Another source said Kelly makes an effort to try to connect with his players, though it doesn’t always seem to come naturally to the coach.
“I think the (players) that believe in him, believe in him,” the source long affiliated with LSU said. “He’s had to find his way when he first got here because it is a different animal.”
Of the two sideline dust-ups at Florida, Kelly chewing out Hilton drew the most attention.
“I do think he is held to a little bit of an unfair (standard) because people want to see him fail,” the former assistant said.
Kelly alluded to this during an interview with Paul Finebaum on the SEC Network last week.
“I find it kind of interesting that I am the only coach in the country that has conversations with their players on the sideline. But be that as it may, we were having a coaching moment with one of my wide receivers, you know, who is desperately wanting to make big plays for us,” Kelly said.
Lacy initiating an exchange with Kelly was more notable. Whether it was a red flag signaling deeper problems or an isolated incident, it was something not seen much at the college level between head coach and player. Kelly said during the interview he had no issue with Lacy expressing his frustration.
“Unfortunately sometimes the camera’s in our office where we’re working, and that comes with being the head coach at a high-profile institution like LSU,” he said.
Recruiting misses
It was one of the first questions Kelly faced after the move: Would he be able to recruit in the SEC against the likes of Georgia’s Kirby Smart and Alabama’s Nick Saban? Kelly and his initial staff were short on recruiting ties and institutional knowledge of a talent-rich state where battles can be fierce.
New Orleans native and longtime SEC assistant Frank Wilson was the one notable addition to the first staff to build those Louisiana connections, but Kelly put Brian Polian, who had been a key member of his staff at Notre Dame, in charge of recruiting.
Kelly himself has never been as hands-on and immersed in the recruiting process as might be necessary to compete with SEC machines, where a top-10 national class might rank closer to the middle of the conference than the top.
“You sit down with these parents and these guardians and these people that are around these kids, and a big part of their decision making is, ‘Who do I trust? Who gives off this vibe that, you know, I want my kid to be with?’ And I think BK probably struggles there a little bit. I think they bring him in as the closer, and I don’t know that that’s his specialty,” the former staff member said.

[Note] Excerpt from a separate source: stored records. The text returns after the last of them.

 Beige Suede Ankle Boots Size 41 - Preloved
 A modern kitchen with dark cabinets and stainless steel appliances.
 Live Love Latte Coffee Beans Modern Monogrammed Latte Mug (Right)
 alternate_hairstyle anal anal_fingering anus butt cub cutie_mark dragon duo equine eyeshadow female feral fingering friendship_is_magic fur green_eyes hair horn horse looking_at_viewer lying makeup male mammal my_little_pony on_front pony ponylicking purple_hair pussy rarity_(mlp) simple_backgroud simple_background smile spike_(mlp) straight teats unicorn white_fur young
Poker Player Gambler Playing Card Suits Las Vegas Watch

LSU’s recruiting classes under Kelly haven’t been poorly rated. The 2022 class he mostly inherited was ranked 12th in the country by 247Sports’ composite rankings, because it only had 15 players. The stars were offensive tackles Will Campbell and Emery Jones, tight end Mason Taylor and linebacker Harold Perkins Jr., all juniors who could jump to the NFL after this season.
Almost half that class, seven players, has already transferred out.

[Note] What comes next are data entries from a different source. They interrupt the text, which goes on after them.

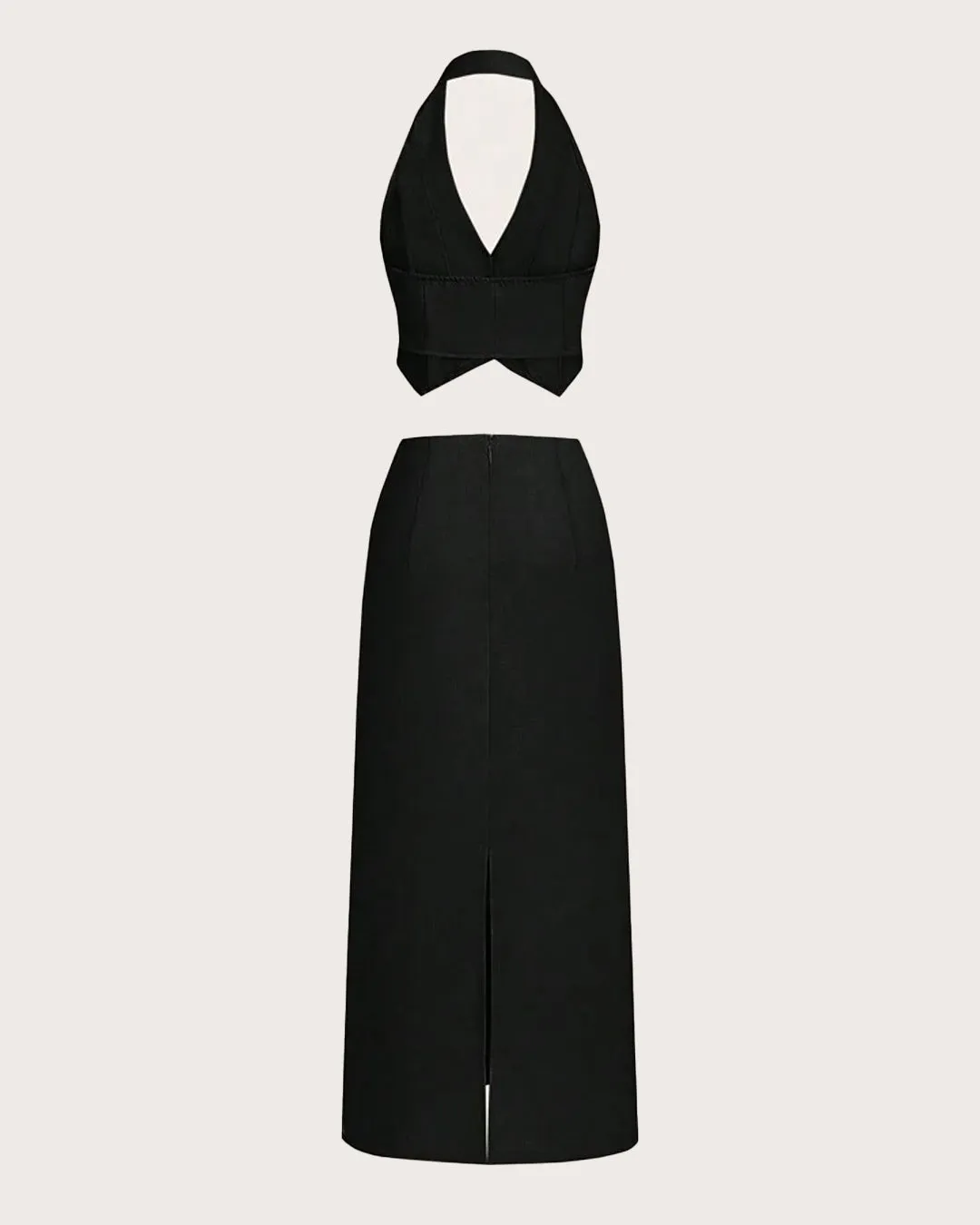 Solid Color Crop Hang Neck Vest & High Slit Straight Skirt - Image 2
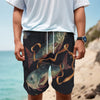 Watercolor Pisces Zodiac Sign Print Men's Cargo Shorts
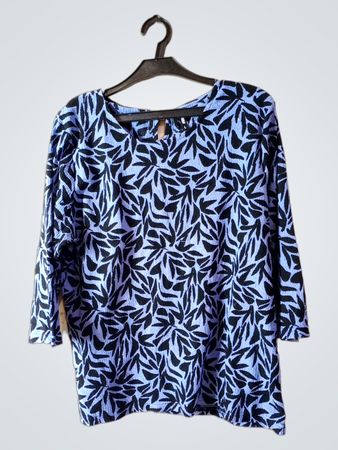 ZAVANNA Blaue und schwarze Blättermuster-Bluse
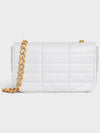 Monochrome Matelasse Quilted Calfskin Chain Shoulder Bag White - CELINE - BALAAN 3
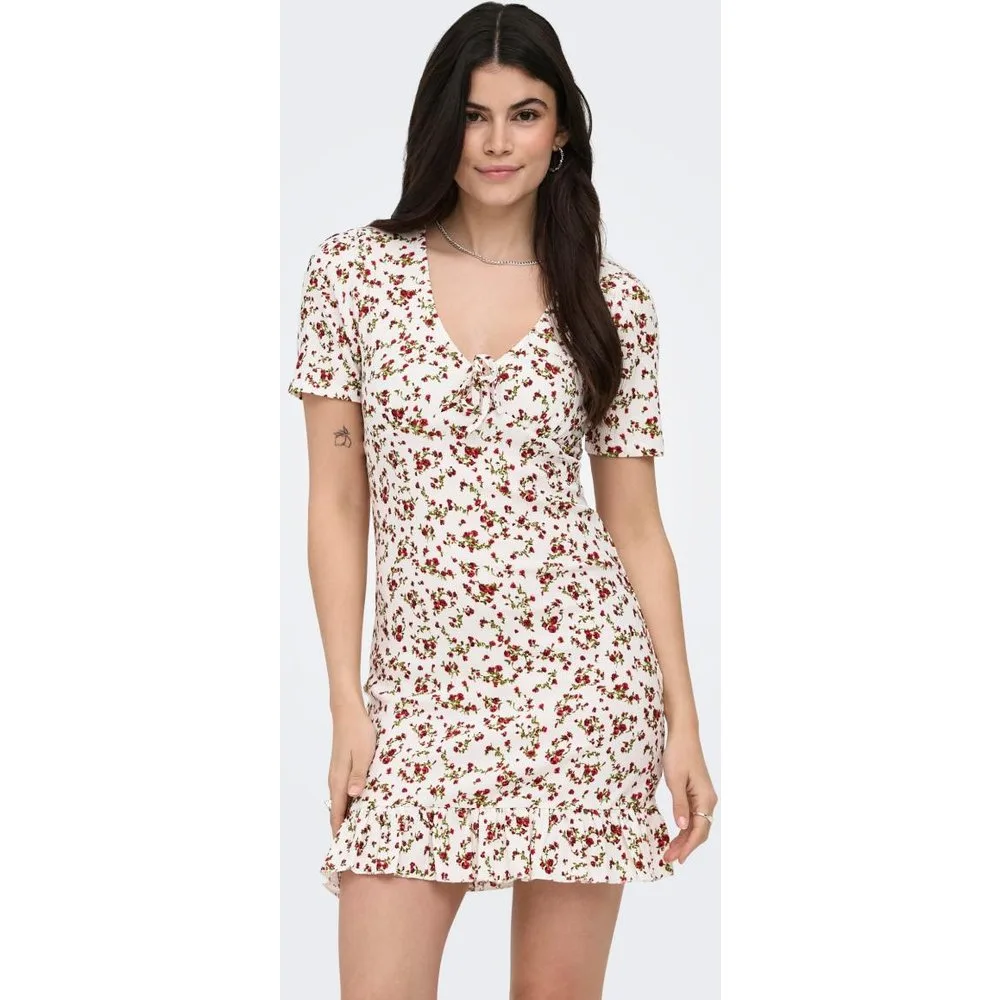 Vestido corto de mujer con cuello pico y lazo - Only - FashionsVida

LSU’s first full recruiting class under Kelly in 2023 ranked sixth in the country in the 247Sports Composite. Only 10 of the 26 signees were from Louisiana high schools. Only 15 members of the class are still with the team. Most notably, five-star offensive lineman Lance Heard from Bonita, La., transferred to Tennessee, where he starts.
The class that should be the backbone of next year’s LSU team has so far produced four significant contributors, led by linebacker Whit Weeks. Instead, there is a glaring hole in the roster.

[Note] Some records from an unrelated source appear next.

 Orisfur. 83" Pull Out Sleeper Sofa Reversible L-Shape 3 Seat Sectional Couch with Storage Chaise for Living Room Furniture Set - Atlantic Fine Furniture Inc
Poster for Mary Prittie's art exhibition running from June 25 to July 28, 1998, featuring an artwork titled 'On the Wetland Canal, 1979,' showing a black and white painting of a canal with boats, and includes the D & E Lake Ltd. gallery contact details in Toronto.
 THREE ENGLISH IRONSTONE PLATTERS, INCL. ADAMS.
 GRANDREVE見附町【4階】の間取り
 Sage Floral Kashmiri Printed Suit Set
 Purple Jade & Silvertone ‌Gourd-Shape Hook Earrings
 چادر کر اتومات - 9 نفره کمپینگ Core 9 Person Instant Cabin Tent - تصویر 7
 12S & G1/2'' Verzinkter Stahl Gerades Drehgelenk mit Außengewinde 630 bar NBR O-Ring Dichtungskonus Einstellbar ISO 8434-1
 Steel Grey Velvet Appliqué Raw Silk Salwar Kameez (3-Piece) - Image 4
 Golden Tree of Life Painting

“We didn’t need to go to all those other places (outside LSU’s traditional footprint) to get guys. We’ve got guys right here. I think you had arrogance, and that’s what happened. It set us back. There’s no doubt,” the source long affiliated with the program said. “(Polian) was still recruiting like he had at Notre Dame.”
Of course high school recruiting isn’t the only way to improve a roster these days. LSU found a Heisman winner in Daniels in the transfer portal in 2022. Two of the team’s best players this season, edge rusher Bradyn Swinson and receiver Aaron Anderson, were portal additions in 2023. Still, LSU under Kelly has not shown the capacity to transform the roster through transfers the way SEC rival Ole Miss has done under Lane Kiffin. Though Kelly’s biggest win this season came against the Rebels, who have shown portaling to the championship can be a perilous path.
There are also questions about how well LSU is keeping up with the competition when it comes to name, image and likeness compensation for players.
“Some of it has been the misperception that this place is rolling in dough, when the reality of it is they are losing recruits because they’re simply being outbid,” one of the former assistants said.
That appears to be the case for what might turn out to be a bigger loss than anything that has happened on the field this season. Late last week, Underwood — who was primarily recruited by Sloan — decommitted from LSU after 10 months. Underwood is reportedly set to receive an NIL deal worth millions over multiple years for going to Michigan.
Back in May, Kelly lamented LSU coming up short when portal shopping: “We were in the market, in the transfer portal, looking for defensive linemen. It hasn’t fared very well, quite frankly, because we are selling something a little bit differently. And that is, we want to recruit. We want to engage, build relationships. We want to develop, retain, and have success. We’re not in the market of buying players. … And unfortunately, right now, that’s what some guys are looking for. They want to be bought. … We’re not going to go out and buy players.”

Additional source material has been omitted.